Separated At Birth?

big 3 ceos
The Big Three CEOs: Wagoner, Nardelli, Mulally
3 stooges
Moe, Curly, and Larry

Tin cup in hand

| This week the "Big 3" stooges of Detroit — Richard Wagoner (GM), Robert Nardelli (Chrysler), and Alan Mulally (Ford) — went begging on Capitol Hill and were sent home empty-handed. And rightly so.

Forget the tone-deaf gaucherie of flying in in their three separate corporate jets to plead for $25 billion to forestall the end of civilization as we know it.

Focus instead on their absolute unwillingness to take responsibility for any part of their predicament. To hear their testimony they are blameless. It's all the fault of the financial crisis.

We are asking for assistance for one reason, to address the devastating automotive industry recession caused by our nations' financial meltdown, and the current lack of consumer credit, which has resulted in the critical lack of liquidity within our industry.

Robert Nardelli, Chrysler

The fact that they have been making cars that nobody wants to buy, and have been making SUVs and pickups that nobody can afford to run, didn't seem to cross their mind.

There's almost universal agreement that the Big Three have brought this misery onto themselves. The disagreement comes over whether to let them go the way of other failed companies or bail them out.

According to those who favor a bailout, the automakers are just "too big to fail," the same justification that was given for pouring billions into the AIG black hole. Millions of jobs depend on the auto industry and if they failed, three million jobs would be lost in the first year, they say.

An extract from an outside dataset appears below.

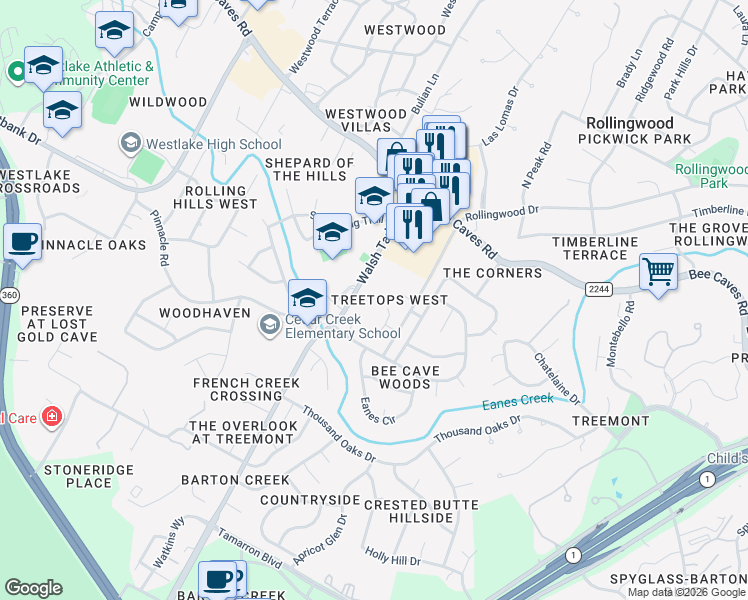 map of restaurants, bars, coffee shops, grocery stores, and more near 1201 Verdant Way in Austin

The economy is already in a recession, and the collapse of the auto industry might be enough to tip it into a deep and prolonged depression, say some economists.

Many opposed to a bailout say that in a free-market economy the government should not be picking winners and losers. That argument is specious: the government picks winners and losers all the time. Most recently, the government said that Lehman Brothers was a loser and allowed it to fail and at the same time said AIG could not be allowed to fail.

In my mind there's a better reason to be opposed to a bailout: the Big Three auto makers have no intention of changing their ways. Give them $25 billion and they will surely be back in another three months claiming they need another $25 billion.

For any of the three to fall into bankruptcy would be bad — bad for the company, bad for its workers, bad for the economy. But it's not as if General Motors would simply disappear if they sought bankruptcy protection. Almost every airline flying has been in bankruptcy in recent years, some more than once. It's a chance to restructure the company, get out from under the weight of bad decisions made along the way, bring in new management, and get the company going again.

If the auto industry were to set its sights on developing alternatives to gasoline engines it could be a force for innovation and technological advancement. But it's clear these three stooges are not the ones to lead it in that direction. That being the case, I think it's best for the long run if they be allowed to fail.

They never learned the lesson that the time to re-invent yourself is when you're doing well, that in a global economy, as in life, if you fail to learn and adapt, you die.

And if they fail there will still be plenty of cars available to drive, many of them made right here in America. It's just that they will have brands like Toyota and Honda.